What Didn’t Work for Me:
- Ending felt a bit lackluster or rushed. There is so much woven throughout The Sirens, but the ending seemed to let certain threads go without much explanation. I wish some of the themes here had carried through more fully into the end.
Audiobook:
Barrie Kreinik does an excellent job of narrating The Sirens. She easily navigates both Australian and Irish accents for the different characters. I also loved her singing! There’s a repeated refrain of an Irish-sounding folk song, and her voice is at once beautiful and suitably haunting. Her narration serves this novel well across POVs and timelines.
Final Thoughts
I greatly enjoyed The Sirens for its many themes surrounding sisterhood, empowerment, and the magic we hold. It tackles some harder themes (sexual harassment; family secrets), but also infuses it all with a rich atmosphere. I only wish the ending had a bit more power to it, too. Overall this was a wonderful read, and I look forward to reading more from Emilia Hart.
Special thanks to the publicists at Macmillan, Macmillan Audio, and NetGalley for providing me with an ARC of this book!
Get the Book
You can buy The Sirens here – it’s available as a hardcover, ebook, and audiobook.
| The Sirens by Emilia Hart | |
|---|---|
| Audiobook Narrator | Barrie Kreinik |
| Audience | Adult |
| Genre | Historical Fiction; Fantasy; Magical Realism |
| Setting | Australia; Ireland; Brazil |
| Number of Pages | 352 |
| Format I Read | Audiobook (NetGalley ARC) |
| Original Publication Date | April 1, 2025 |
| Publisher | St. Martin’s Press; Macmillan Audio |
Official Summary
#1 LibraryReads Pick • April Indie Next Pick
A spellbinding novel about sisters separated by centuries, but bound together by the sea, from the author of the runaway New York Times bestseller Weyward
2019: Lucy awakens from a dream to find her hands around her ex-lover’s throat. Horrified, she flees to her older sister’s house on the Australian coast, hoping she can help explain the strangely vivid nightmare that preceded the attack—but Jess is nowhere to be found.

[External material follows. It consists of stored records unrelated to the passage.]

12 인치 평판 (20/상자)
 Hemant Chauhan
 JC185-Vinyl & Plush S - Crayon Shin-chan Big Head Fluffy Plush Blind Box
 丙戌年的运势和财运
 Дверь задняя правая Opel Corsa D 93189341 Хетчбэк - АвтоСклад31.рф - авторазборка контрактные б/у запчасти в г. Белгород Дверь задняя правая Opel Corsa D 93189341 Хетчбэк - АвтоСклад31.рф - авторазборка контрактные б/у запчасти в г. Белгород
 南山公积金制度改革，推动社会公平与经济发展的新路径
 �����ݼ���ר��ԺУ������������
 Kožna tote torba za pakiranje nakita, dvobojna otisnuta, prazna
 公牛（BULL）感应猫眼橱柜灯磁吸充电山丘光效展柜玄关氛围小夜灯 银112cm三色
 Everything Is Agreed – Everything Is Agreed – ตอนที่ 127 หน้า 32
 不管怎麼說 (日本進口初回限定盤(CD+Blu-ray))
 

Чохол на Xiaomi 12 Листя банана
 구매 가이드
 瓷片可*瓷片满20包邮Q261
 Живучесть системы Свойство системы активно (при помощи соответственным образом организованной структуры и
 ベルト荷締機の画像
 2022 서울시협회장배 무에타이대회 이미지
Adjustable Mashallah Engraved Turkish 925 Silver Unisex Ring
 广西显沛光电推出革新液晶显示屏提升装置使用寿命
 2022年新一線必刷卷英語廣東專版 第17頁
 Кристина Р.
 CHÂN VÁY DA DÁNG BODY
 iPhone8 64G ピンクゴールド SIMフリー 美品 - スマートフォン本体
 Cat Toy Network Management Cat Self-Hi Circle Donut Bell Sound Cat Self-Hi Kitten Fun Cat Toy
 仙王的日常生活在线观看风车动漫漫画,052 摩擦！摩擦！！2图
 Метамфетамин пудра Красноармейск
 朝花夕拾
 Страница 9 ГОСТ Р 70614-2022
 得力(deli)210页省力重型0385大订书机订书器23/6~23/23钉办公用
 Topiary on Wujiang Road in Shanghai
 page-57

As Lucy awaits her return, the rumors surrounding Jess’s strange small town start to emerge. Numerous men have gone missing at sea, spread over decades. A tiny baby was found hidden in a cave. And sailors tell of hearing women’s voices on the waves. Desperate for answers, Lucy finds and begins to read her sister’s adolescent diary.
1999: Jess is a lonely sixteen-year-old in a rural town in the middle of the continent. Diagnosed with a rare allergy to water, she has always felt different, until her young, charming art teacher takes an interest in her drawings, seeing a power and maturity in them—and in her—that no one else has.
1800: Twin sisters Mary and Eliza have been torn from their loving father in Ireland and forced onto a convict ship bound for Australia. For their entire lives, they’ve feared the ocean, as their mother tragically drowned when they were just girls. Yet as the boat bears them further and further from all they know, they begin to notice changes in their bodies that they can’t explain, and they feel the sea beginning to call to them…
A breathtaking tale of female resilience and the bonds of sisterhood across time and space, The Sirens captures the power of dreams, and the mystery and magic of the sea.
About the Author

Credit: Sophie Davidson
Emilia Hart is the author of Weyward and The Sirens. She grew up in Australia and studied English Literature at university before training as a lawyer. She now lives in London.